By Antanoly Burakov
This post is Part 2 of a 4-part blog series that was originally published on the Intel Developer Zone blog.
In the previous article, we covered the main concepts and principles behind Data Plane Development Kit (DPDK) memory management and how they contribute to DPDK’s unparalleled performance. However, DPDK is a complex beast that needs to be configured correctly to make the most out of it. In particular, picking the right kernel driver and IOVA mode may be crucial, depending on the application, as well as the environment in which said application is intended to run. This article discusses various options available and makes recommendations on what should be used.
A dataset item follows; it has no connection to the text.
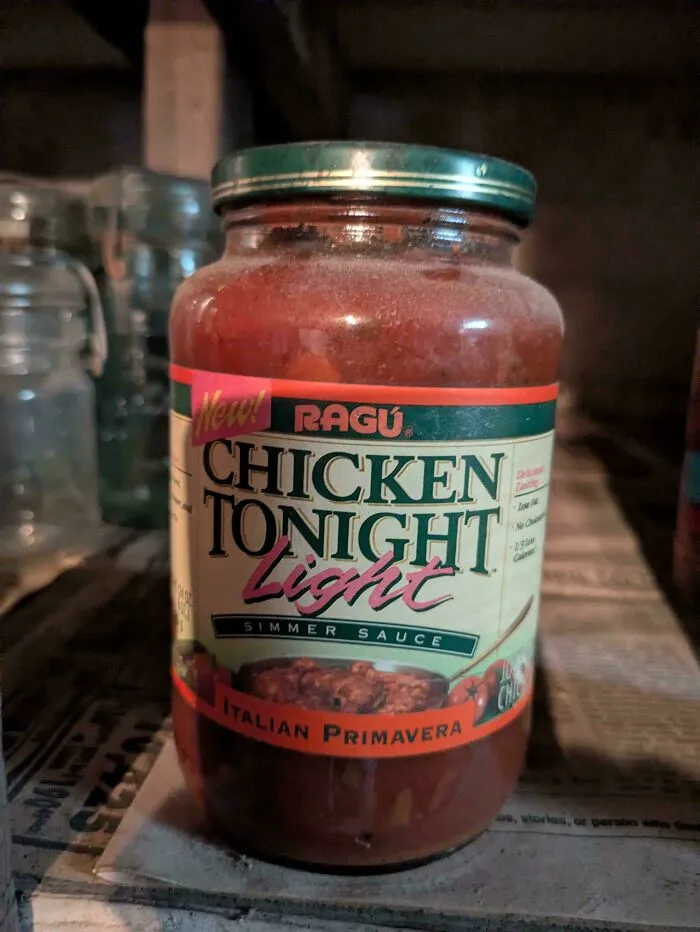 A dusty jar of Ragu Chicken Tonight Light Italian Primavera Simmer Sauce, an old product found at home.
At the heart of DPDK lies the Environment Abstraction Layer (EAL). The EAL is a DPDK library that, as its name suggests, abstracts away the environment (hardware, OS, and so on) and presents a unified interface to software. EAL handles a great many things and is easily the single most complex part of DPDK. Some of the things EAL is responsible for include:
- Managing CPU cores and non-uniform memory access (NUMA) nodes
- Making hardware devices available to DPDK poll-mode drivers (PMDs) by mapping their registers into memory
- Managing hardware and software interrupts
- Abstracting away platform differences such as endianness, cache line size, and so on
- Managing memory and multiprocess synchronization
- Providing platform- and OS-independent ways of working with atomics, memory barriers, and other synchronization primitives
- Loading and enumerating hardware buses, devices, and PMDs
The above list is by no means exhaustive, but it gives an idea of how vital the EAL is to DPDK. It is therefore no surprise that a lot of configuration in DPDK has to do with configuring the EAL. Currently, this is (directly or indirectly) done through specifying command-line parameters to the DPDK initialization routine. Usually, a DPDK application command-line would look like the following:
Some applications using DPDK may hide this step from the user (such as OvS-DPDK), so there may be no need to specify EAL command-line parameters explicitly, but it is nevertheless always happening in the background.
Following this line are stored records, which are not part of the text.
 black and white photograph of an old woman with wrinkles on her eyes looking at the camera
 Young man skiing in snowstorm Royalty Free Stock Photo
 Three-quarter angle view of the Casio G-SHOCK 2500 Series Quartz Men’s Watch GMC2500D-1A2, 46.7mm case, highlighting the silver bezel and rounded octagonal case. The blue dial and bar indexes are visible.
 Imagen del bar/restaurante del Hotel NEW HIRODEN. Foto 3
IO Virtual Addresses (IOVA) Modes
DPDK is a user space application framework, so software using DPDK works with regular virtual addresses, like any other software. However, DPDK also provides user space PMDs and a set of APIs to perform IO operations entirely from user space. As was discussed in the previous article in this series, the hardware does not understand user space virtual addresses; instead, it uses IO addresses—either physical addresses (PA), or IO virtual addresses (IOVA).
The DPDK API does not distinguish between physical and IO virtual addresses, and always refers to either as IOVA, even if no IO memory management unit (IOMMU) is involved to provide the VA part. However, DPDK does distinguish between cases where physical addresses are used as IOVA, and cases where IOVA matches user space virtual addresses. These cases are referred to as IOVA modes in the DPDK API, and there are two of them: IOVA as PA, and IOVA as VA.
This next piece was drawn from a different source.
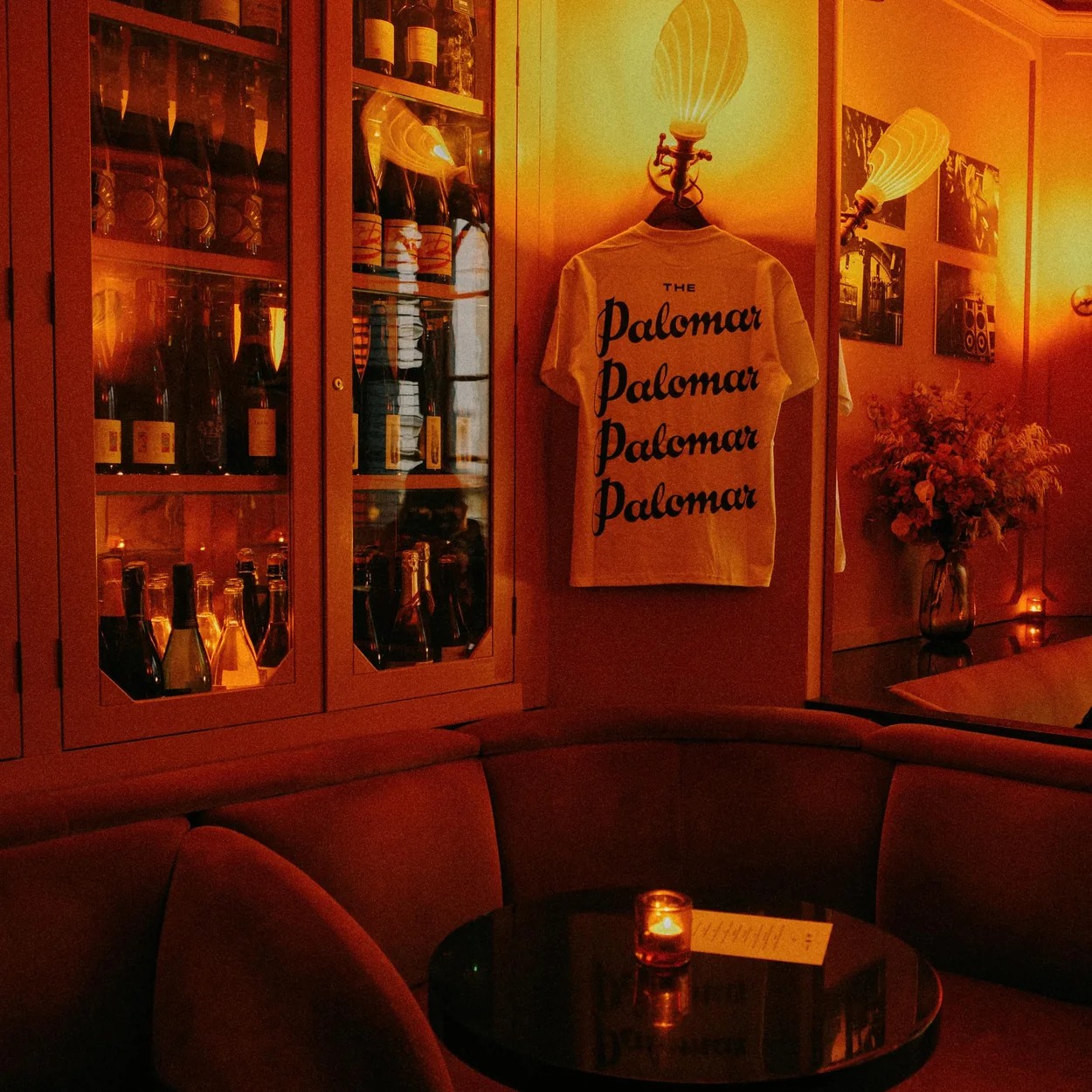 Warm lamplit corner with velvet seating inside The Blue Posts on Rupert Street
IOVA as Physical Addresses (PA) Mode
When IOVA as PA mode is used, the IOVA addresses assigned to all DPDK memory areas are actual physical addresses, and virtual memory layout matches the physical memory layout. The good thing about this approach is that it is simple: it works with all hardware (that is, does not require IOMMU), and it works well with kernel space (it is trivial to convert a real physical address to a kernel space address). This is in fact how DPDK has worked for a long time, and it is in many ways considered the default.
There are certain disadvantages associated with using IOVA as PA mode, however. One of them is that it requires privileges—DPDK cannot get a memory region’s real physical address without having access to the system’s page map. Thus, it is not possible to run in IOVA as PA mode without root privileges on the system.
Another notable limitation of IOVA as PA mode is that virtual memory layout follows physical memory layout. This means that if physical memory space is fragmented (that is, there are lots of small segments instead of a few large ones), the virtual memory space follows that fragmentation. In extreme cases, the fragmentation can be so severe that the number of standalone, physically contiguous segments exhausts DPDK’s internal data structures used to store information about those segments, and DPDK initialization simply fails.
The DPDK community has come up with workarounds to address these issues. For example, one way to reduce the impact of fragmentation is to use bigger page sizes—the problem is not fixed, but a standalone 1-gigabyte (GB) segment is way more useful than a standalone 2-megabyte (MB) segment. Rebooting the system and reserving huge pages at boot time instead of at run time is another widely used workaround. None of the above workarounds fix the underlying problem though, and the DPDK community is so used to dealing with it that every DPDK user (knowingly or unknowingly) ends up following the same thought process of “I need X MB of memory, but I’ll reserve X+Y MB just in case!”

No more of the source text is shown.